The image shows satellite-based rainfall accumulation from July 19 to August 18, 2018. Rainfall peaked in Kerala on July 20 and again reached abnormally high levels between August 8 and 16. Since the beginning of June, the region received 42 percent more rainfall than normal for this time period. In the first 20 days of August, the region experienced 164 percent more rain than normal.
Kerala’s August rain played a part in the nearly once-in-a-century flooding, although the flooding was worsened when water was released from several full dams. Instead of gradually releasing water during drier times, authorities were forced to open 80 dams in the region, including the Idukki Dam, which is one of the largest arch dams in Asia. Thirty-five of those dams were opened for the first time.
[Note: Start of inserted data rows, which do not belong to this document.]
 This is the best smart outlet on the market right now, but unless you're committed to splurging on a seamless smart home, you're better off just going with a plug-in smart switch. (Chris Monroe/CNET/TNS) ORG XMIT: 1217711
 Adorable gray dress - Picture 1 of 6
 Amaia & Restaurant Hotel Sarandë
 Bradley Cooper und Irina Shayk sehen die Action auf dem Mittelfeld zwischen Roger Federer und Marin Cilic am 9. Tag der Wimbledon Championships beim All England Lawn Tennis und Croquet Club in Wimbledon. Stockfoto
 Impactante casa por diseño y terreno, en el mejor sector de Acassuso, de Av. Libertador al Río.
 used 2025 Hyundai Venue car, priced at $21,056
“The dam releases came way too late, and it coincided with the heavy rain that was occurring,” said Sujay Kumar, research scientist at NASA’s Goddard Space Flight Center
Intense rainfall events have hit other areas of Southeast Asia as well. Eastern Myanmar experienced torrential downpours in mid-July and August, causing fatalities and displacing 150,000 people in one month. The floods were the worst in 30 years. The Bago and Sittaung rivers swelled to their highest levels in more than five decades, with the Sittaung river 7 feet above danger levels in areas.
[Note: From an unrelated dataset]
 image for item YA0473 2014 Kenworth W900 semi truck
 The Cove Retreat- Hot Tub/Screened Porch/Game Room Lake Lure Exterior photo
These rainfall data are remotely-sensed estimates that come from the Integrated Multi-Satellite Retrievals (IMERG), a product of the Global Precipitation Measurement (GPM) mission. The GPM satellite is the core of a rainfall observatory that includes measurements from NASA, the Japan Aerospace Exploration Agency, and five other national and international partners. Local rainfall amounts can be significantly higher when measured from the ground.